Mooi stuk Robbert-Jan, fijn weer wat van je te lezen, het beste gewenst voor jouw en je gezin.
Prachtig omschreven! Word ik ook blij van
Een mooi en herkenbaar stuk Robert-Jan!
Veel succes met het verdere herstel en het toepassen van wat je leert in deze tijd.
Goed om te lezen hoe je als knecht van de timmerman uit Nazareth zelf aan je herstel spijkert!
Ben sprakeloos heb zoveel bewondering voor je dat je dit weer zo met ons deelt en wat zeg je er een mooie ware dingen in Gods zegen met je verdere herstel. Lieve groet Betty
Wees ervan overtuigd dat jouw worsteling wordt herkent en accepteer vallen door op te staan.
Herinner je Jezus woorden : Mijn genade is u genoeg”.
Fantastisch je energie terug te zien keren !
Hartelijke groet,
Gert.
Zo herkenbaar ….
I have carried a parrot on my shoulder too, kind of given to me when small, details don’t matter. I also became a Christian later in life and when I was baptized I was given a scripture from God through the minister. A scripture i have put on my fridge and give to any person Imeet in need. It holds me grounded and makes my parrot go away—Isaiah 43:4!!! Whenever in need once more I read the above and below versus– amazing! ” For you are precious and honored in My sight and because I love you”.
Herkenbaar en ook zo lastig om die papegaai eraf te meppen.
Toch is het allemaal meer dan waard. Ook van deze fase leer je enorm veel.
Het is een ruzak die je vult en je weer verder brengt.
Laat je rugzak niet in 1 keer vol! En gooi er ook regelmatig wat uit.

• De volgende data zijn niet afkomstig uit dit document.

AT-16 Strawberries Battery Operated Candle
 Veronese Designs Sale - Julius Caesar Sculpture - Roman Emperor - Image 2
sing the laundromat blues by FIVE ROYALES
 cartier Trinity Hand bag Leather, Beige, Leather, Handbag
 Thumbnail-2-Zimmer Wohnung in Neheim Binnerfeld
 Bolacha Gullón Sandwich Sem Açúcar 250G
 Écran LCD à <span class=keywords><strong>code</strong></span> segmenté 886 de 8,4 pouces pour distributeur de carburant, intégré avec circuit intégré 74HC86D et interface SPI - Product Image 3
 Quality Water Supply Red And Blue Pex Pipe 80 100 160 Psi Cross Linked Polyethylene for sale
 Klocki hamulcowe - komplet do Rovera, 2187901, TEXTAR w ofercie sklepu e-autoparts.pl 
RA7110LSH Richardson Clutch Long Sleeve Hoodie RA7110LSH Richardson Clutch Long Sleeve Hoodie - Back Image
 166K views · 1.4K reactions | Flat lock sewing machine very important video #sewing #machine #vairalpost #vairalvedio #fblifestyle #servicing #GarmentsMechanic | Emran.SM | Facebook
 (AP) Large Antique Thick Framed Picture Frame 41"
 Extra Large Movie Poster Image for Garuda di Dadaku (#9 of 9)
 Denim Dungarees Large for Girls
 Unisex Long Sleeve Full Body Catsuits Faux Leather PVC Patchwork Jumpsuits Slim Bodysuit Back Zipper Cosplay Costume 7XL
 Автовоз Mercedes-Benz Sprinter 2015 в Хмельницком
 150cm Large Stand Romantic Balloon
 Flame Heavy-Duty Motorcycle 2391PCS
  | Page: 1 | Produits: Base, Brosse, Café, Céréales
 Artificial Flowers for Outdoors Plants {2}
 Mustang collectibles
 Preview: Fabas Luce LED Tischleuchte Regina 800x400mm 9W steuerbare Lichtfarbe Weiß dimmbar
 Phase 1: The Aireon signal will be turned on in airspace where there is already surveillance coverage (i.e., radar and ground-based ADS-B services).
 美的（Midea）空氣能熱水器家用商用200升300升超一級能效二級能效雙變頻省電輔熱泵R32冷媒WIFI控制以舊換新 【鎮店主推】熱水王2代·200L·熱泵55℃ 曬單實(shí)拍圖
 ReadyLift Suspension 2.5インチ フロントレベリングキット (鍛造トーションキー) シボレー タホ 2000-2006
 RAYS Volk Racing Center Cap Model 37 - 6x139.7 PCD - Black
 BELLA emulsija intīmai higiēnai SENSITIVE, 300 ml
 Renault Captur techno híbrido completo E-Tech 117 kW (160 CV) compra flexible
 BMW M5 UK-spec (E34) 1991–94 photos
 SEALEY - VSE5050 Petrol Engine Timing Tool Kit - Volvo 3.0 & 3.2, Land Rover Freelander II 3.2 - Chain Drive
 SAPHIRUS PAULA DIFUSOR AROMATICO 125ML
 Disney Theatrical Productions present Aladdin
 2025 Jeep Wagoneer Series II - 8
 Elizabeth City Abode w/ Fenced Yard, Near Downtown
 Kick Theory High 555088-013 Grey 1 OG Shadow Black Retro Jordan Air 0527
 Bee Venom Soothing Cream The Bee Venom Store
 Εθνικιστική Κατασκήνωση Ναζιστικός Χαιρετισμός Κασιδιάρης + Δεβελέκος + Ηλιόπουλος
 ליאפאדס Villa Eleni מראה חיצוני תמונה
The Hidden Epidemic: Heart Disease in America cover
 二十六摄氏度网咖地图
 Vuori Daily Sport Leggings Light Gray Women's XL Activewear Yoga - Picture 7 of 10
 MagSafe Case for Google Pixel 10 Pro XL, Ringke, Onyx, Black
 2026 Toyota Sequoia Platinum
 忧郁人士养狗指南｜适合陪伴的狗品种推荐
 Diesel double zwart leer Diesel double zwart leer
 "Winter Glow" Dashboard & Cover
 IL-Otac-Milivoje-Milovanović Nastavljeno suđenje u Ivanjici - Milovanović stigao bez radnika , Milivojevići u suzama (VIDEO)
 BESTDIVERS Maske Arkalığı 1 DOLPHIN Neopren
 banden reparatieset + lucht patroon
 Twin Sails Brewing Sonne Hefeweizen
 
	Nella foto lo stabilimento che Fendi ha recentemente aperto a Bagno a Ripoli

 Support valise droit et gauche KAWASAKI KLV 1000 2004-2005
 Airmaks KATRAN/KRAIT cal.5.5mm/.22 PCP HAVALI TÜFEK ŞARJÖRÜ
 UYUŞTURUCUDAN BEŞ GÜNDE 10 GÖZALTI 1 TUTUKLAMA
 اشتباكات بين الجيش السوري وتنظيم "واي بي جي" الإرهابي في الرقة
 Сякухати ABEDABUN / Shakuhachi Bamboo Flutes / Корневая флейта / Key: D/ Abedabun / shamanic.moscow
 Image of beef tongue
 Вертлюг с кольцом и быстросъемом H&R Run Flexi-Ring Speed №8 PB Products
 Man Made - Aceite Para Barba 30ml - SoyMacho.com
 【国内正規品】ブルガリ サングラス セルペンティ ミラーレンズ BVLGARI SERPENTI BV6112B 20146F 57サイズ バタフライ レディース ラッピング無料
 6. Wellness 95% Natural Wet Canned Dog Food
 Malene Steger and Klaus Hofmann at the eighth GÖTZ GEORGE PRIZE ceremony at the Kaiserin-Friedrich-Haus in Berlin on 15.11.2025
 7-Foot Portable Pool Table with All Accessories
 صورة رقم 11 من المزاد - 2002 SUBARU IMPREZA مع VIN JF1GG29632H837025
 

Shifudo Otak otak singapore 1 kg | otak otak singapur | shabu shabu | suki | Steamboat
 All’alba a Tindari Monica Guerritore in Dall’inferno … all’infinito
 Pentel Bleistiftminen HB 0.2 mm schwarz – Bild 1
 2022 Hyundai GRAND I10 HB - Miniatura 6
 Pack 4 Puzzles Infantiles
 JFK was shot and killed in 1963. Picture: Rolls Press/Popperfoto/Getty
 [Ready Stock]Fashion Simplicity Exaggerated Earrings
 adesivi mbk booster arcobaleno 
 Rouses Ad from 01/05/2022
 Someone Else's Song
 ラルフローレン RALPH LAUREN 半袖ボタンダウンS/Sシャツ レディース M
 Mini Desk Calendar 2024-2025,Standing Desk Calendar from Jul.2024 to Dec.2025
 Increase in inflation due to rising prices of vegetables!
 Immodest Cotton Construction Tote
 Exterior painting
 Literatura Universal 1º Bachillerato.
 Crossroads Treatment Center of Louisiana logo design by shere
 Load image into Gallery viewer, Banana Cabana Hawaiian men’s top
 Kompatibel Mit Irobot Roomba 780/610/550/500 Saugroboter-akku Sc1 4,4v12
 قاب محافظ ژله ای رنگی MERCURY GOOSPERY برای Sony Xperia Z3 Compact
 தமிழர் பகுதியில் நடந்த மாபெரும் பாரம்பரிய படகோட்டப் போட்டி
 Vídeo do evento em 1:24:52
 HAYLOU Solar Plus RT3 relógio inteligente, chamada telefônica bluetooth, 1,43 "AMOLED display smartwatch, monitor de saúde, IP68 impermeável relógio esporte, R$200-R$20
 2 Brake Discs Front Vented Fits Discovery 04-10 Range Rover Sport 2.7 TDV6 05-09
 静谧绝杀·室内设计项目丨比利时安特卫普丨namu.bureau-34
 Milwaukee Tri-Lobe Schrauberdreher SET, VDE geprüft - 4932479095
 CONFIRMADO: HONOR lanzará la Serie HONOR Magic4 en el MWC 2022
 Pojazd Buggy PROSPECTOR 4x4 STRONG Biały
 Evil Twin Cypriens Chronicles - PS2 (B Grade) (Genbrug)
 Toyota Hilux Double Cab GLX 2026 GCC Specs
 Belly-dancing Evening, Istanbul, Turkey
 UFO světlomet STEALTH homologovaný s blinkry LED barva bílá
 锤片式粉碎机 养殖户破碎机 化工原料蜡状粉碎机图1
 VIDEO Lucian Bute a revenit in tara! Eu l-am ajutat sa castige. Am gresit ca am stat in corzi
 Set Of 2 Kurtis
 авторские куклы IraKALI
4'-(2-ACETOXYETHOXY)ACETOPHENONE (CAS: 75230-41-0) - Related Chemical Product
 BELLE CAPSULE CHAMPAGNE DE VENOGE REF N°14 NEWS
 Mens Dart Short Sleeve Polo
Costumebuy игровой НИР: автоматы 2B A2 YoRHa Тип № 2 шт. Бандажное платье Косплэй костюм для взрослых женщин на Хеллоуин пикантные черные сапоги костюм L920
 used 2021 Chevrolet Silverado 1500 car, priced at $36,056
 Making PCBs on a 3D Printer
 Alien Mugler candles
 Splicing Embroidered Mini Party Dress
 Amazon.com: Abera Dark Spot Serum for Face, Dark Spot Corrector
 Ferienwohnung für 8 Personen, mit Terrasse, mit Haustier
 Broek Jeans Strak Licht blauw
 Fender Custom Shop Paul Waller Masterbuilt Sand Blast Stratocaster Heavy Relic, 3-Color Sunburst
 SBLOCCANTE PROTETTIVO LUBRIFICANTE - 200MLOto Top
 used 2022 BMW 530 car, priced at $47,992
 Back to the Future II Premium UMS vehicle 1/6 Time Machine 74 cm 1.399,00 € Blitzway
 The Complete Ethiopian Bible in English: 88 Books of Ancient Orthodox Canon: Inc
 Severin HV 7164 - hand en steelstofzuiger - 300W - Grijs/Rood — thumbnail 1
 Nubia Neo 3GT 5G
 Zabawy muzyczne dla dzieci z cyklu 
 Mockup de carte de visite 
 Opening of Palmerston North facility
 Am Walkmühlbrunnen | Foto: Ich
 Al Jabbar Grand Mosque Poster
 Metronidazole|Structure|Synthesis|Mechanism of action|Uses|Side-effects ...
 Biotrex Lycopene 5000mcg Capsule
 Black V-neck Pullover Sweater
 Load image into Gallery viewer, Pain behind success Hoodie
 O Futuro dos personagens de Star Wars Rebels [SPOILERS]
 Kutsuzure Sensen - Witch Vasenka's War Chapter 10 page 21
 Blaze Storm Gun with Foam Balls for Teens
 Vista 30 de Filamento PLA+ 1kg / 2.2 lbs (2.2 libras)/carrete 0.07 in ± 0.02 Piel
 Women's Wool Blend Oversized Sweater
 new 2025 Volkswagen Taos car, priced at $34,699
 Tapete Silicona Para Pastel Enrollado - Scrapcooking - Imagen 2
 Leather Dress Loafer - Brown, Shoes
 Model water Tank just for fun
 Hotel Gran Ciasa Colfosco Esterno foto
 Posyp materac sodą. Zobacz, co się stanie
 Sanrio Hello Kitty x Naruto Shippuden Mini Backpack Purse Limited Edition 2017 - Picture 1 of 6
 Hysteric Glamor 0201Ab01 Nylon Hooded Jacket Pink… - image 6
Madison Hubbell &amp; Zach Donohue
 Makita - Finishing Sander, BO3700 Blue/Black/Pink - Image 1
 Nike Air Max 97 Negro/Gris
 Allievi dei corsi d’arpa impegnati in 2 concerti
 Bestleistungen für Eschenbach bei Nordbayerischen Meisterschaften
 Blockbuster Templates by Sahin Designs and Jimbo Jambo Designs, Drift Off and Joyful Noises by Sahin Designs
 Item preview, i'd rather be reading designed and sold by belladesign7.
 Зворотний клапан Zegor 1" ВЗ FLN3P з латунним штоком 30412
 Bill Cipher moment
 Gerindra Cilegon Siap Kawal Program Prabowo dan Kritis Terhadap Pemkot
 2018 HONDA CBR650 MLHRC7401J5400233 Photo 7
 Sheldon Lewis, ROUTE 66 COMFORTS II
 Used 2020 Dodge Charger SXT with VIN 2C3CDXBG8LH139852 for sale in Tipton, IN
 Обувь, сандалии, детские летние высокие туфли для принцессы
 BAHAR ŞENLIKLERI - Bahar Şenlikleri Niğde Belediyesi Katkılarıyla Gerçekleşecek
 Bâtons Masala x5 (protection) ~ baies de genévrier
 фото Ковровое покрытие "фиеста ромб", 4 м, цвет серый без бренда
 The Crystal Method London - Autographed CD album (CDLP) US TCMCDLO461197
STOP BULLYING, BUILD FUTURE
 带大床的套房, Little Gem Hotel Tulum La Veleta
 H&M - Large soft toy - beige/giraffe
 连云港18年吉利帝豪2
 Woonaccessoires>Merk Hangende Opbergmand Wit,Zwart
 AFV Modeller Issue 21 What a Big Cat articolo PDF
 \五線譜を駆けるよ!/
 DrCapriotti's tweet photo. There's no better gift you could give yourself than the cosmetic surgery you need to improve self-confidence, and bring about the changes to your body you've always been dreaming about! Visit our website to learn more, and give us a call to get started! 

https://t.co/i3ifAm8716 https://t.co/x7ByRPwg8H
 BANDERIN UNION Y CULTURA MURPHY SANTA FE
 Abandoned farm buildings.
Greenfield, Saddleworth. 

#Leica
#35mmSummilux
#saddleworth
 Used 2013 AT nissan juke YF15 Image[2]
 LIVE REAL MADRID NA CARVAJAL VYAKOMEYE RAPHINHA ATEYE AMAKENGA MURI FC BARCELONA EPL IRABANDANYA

Ja, zo herkenbaar en wat vliegen er veel papegaaien rond. Bij zo veel zelfinzicht en kennis die je met ons deelt, weet ik zeker dat je een heel end op de goede weg bent en dat het ergste leed geleden is. Mijn moeder zei heel vaak:”Jongen tob niet, alles komt anders.” Dat motto heeft mij van veel papegaaien bevrijd. Ik wens je een heerlijke lente en een prachtige zomer toe. Tob niet, alles komt anders.
Hartelijke groet.
Ton
Hoe herkenbaar na mijn eigen burnout. Dank voor het delen. Ik heb veel steun gehad aan mijn lief, dat zweeg, sprak, streelde, omarmde, kuste en desnoods kasteidde, maar wel altijd als het nodig was. Het heeft een jaar geduurd voor ik ‘het licht’ zag en terugschakelde. Toen ik een half jaar later ook nog een Het Licht zag na het zelf in het donker te hebben verstopt, bloeide ik weer op. Ik ken nu mijn limieten en kom daar ook voor uit. ‘Nee’, zeggen is soms zo heerlijk! Jou essay is voor mij een bevstiging dat ik op weg bent……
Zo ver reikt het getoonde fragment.